- **What the exercise asks**
Only the lines from the one containing "Women Premium Leather" through the final line below belong in the output, copied exactly and without pictures.

** The data follows **

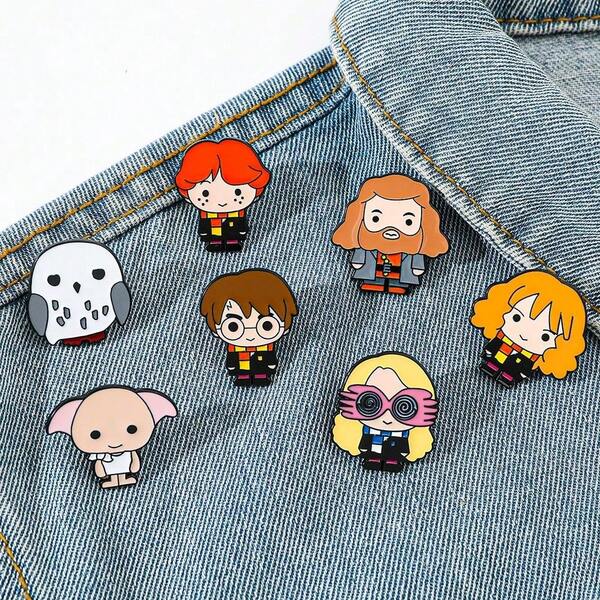 Warner Bros 1/7 Pcs Creative Fantasy Adventure Anime Harry Potter Brooch Cute Harry Potter Pin Fashion Cute Stitch Metal Enamel Badge Jewelry Backpack Clothing Accessories Festival Gifts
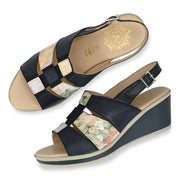 Women Premium Leather Blue Sandals (W-HR-Reno-51-Blue)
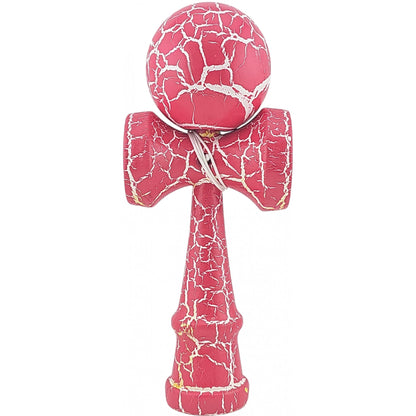Kendama X Originala, Profesionala, Klevo, Cracked, din Lemn, 18 cm, Roz Aprins/Alb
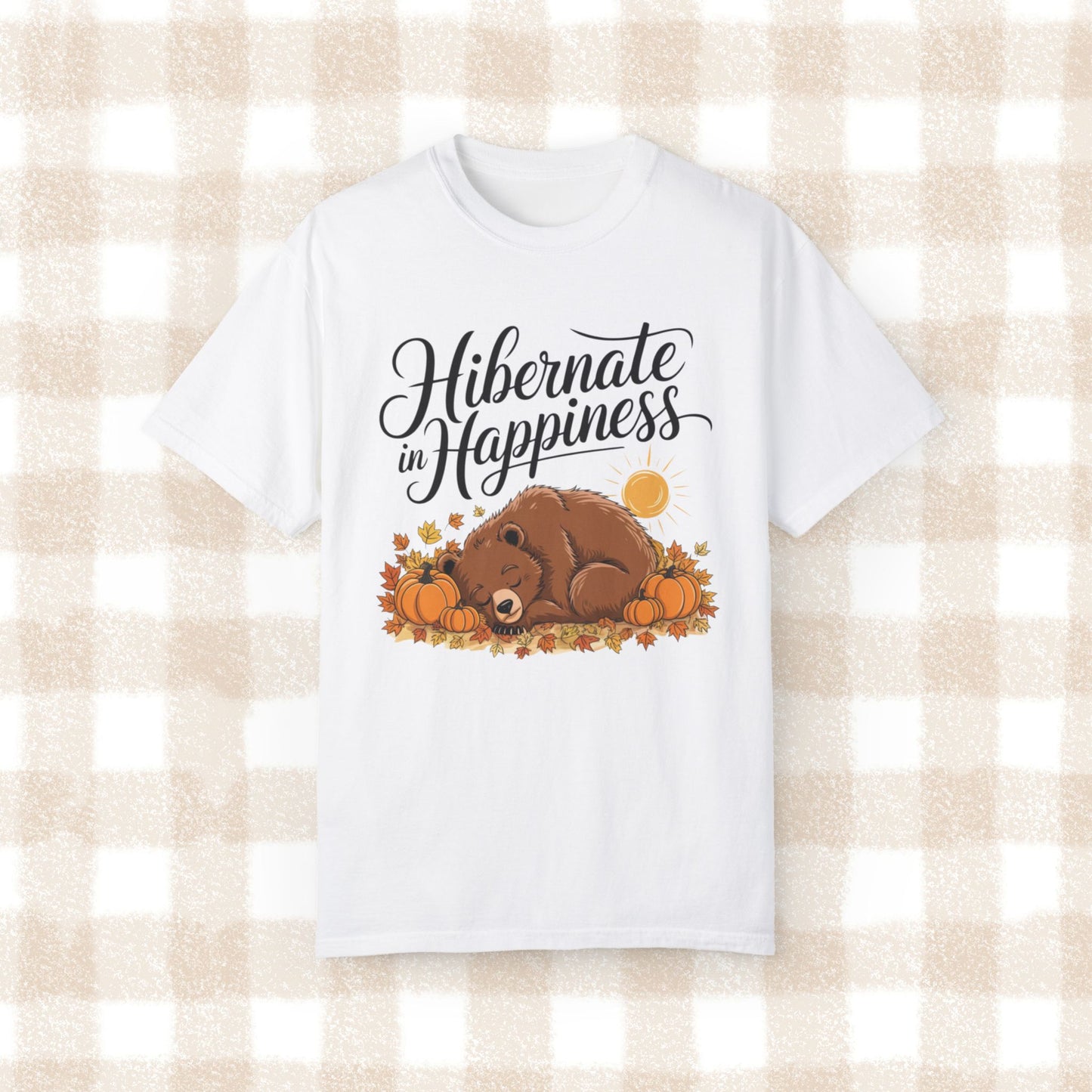 Hibernate in Happiness Bear Fall Design T-Shirt, Cute Bear Sleeping with Pumpkins, Autumn Leaves, Sun, Nature Lovers Gift Tee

** End of The data **

- **Task output**
 Women Premium Leather Blue Sandals (W-HR-Reno-51-Blue)
Kendama X Originala, Profesionala, Klevo, Cracked, din Lemn, 18 cm, Roz Aprins/Alb
 Hibernate in Happiness Bear Fall Design T-Shirt, Cute Bear Sleeping with Pumpkins, Autumn Leaves, Sun, Nature Lovers Gift Tee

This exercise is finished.